━━━━━ DATASET CONTENT ━━━━━

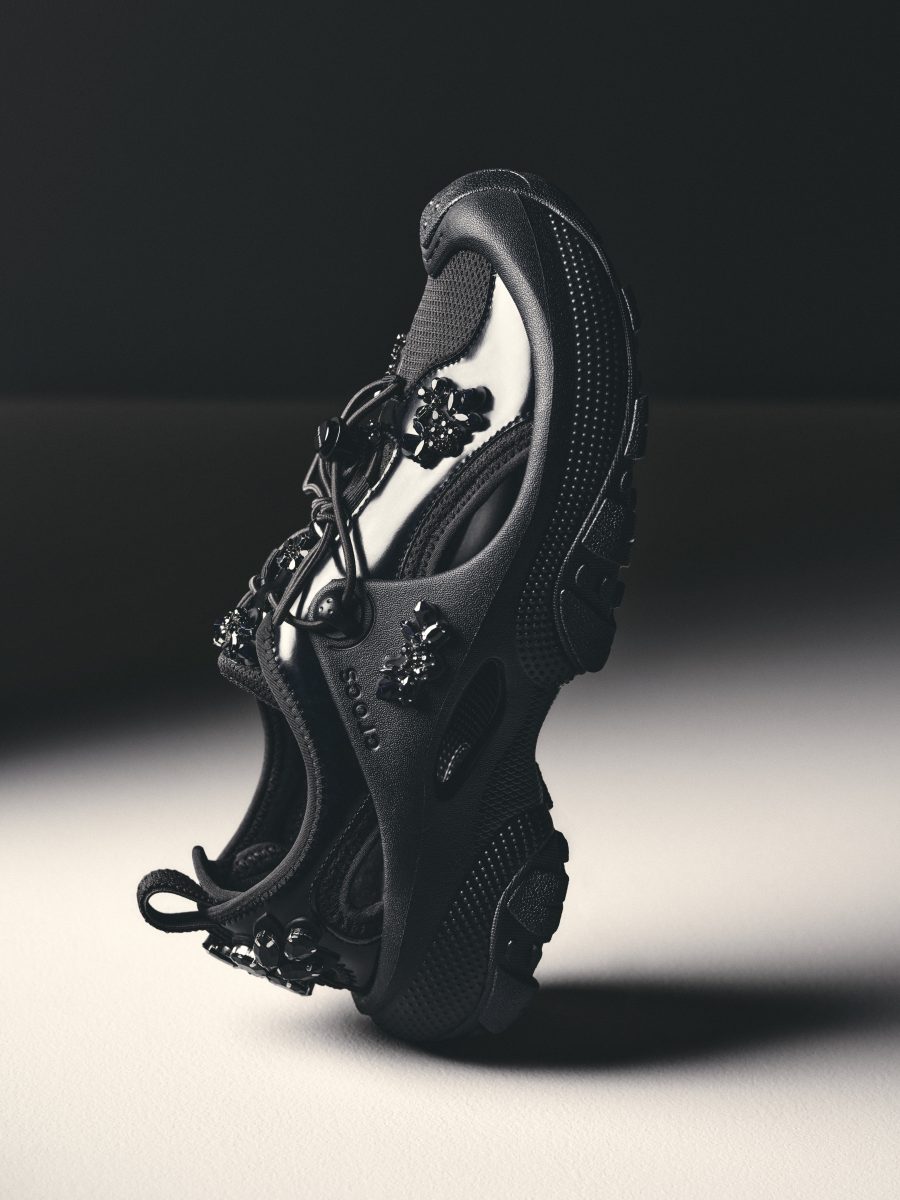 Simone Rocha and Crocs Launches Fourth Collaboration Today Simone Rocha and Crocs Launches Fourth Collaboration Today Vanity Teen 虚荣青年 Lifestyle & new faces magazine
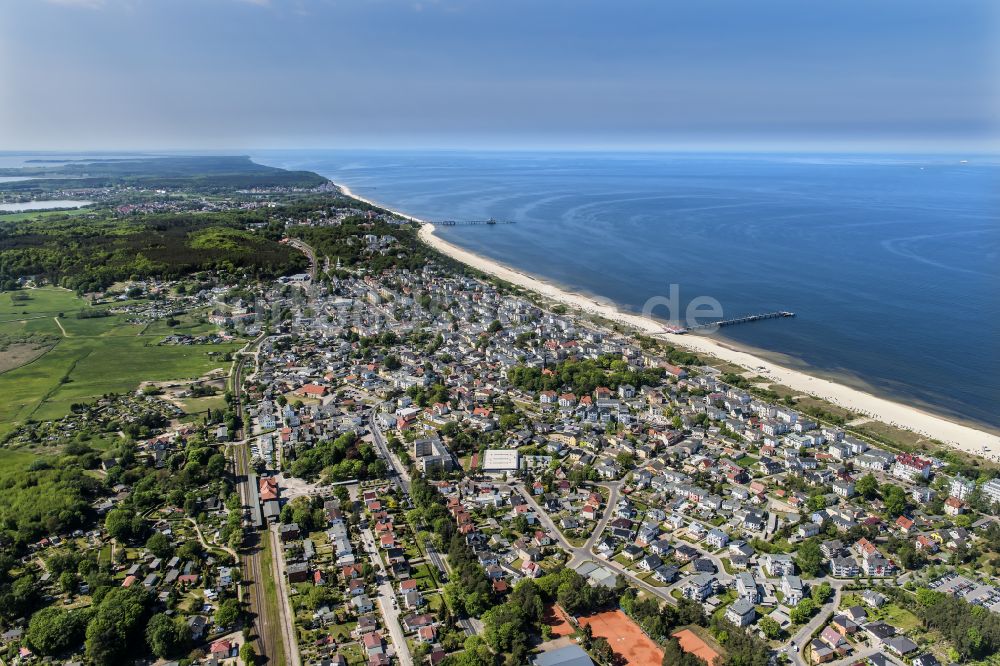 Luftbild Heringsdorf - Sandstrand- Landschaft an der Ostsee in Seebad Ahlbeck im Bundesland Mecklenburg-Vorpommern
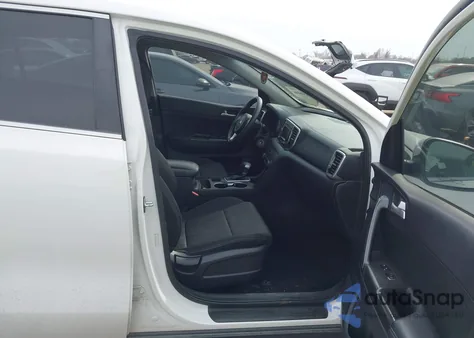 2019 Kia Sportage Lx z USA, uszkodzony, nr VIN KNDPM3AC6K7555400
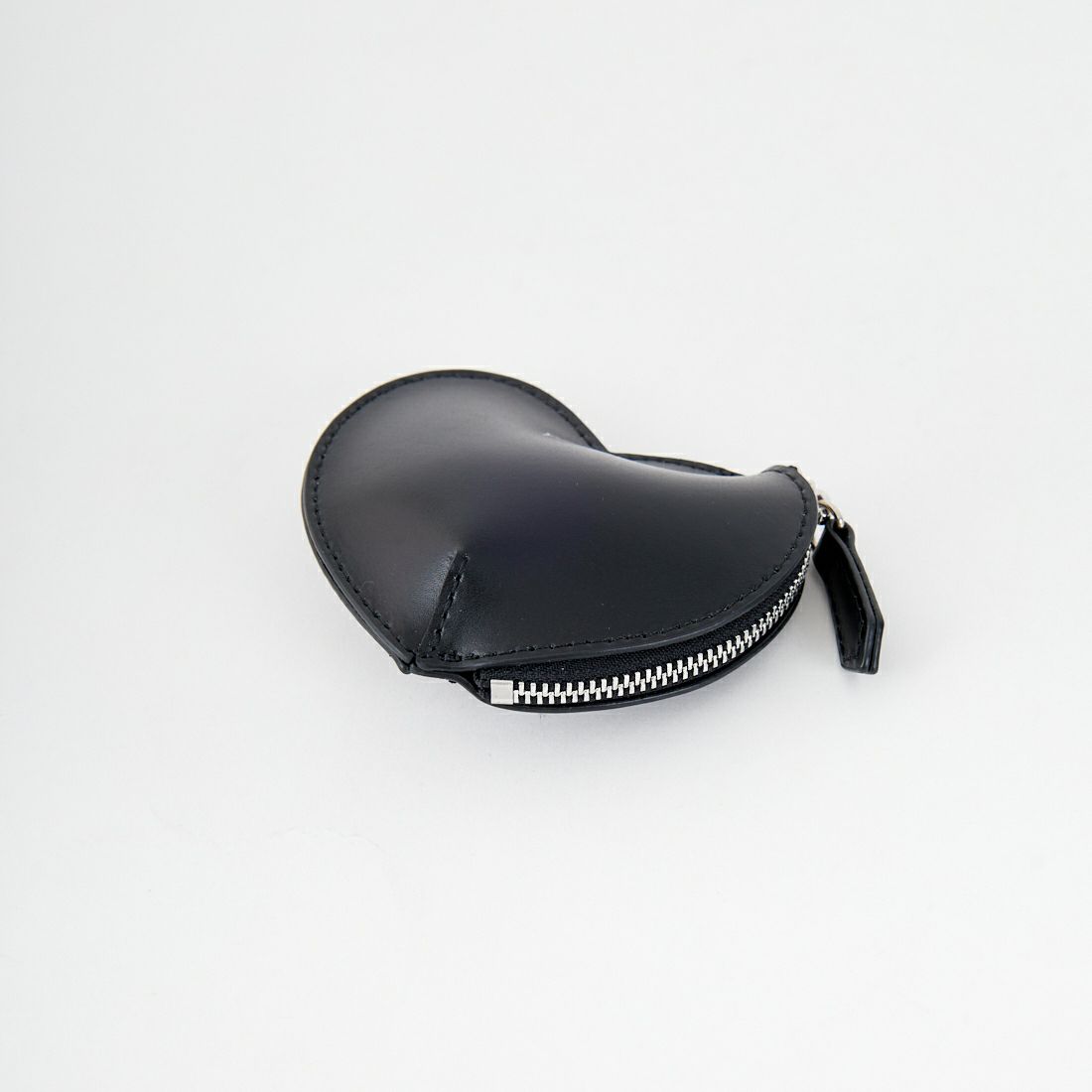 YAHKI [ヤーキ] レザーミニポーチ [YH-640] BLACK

━━━━━

◆ EXERCISE DESCRIPTION: Only the lines from the one containing "Luftbild Heringsdorf - Sandstrand- Landschaft" through the final line of the listing should be reproduced, exactly and with no pictures.

◆ ANSWER SECTION:
 Luftbild Heringsdorf - Sandstrand- Landschaft an der Ostsee in Seebad Ahlbeck im Bundesland Mecklenburg-Vorpommern
 2019 Kia Sportage Lx z USA, uszkodzony, nr VIN KNDPM3AC6K7555400
 YAHKI [ヤーキ] レザーミニポーチ [YH-640] BLACK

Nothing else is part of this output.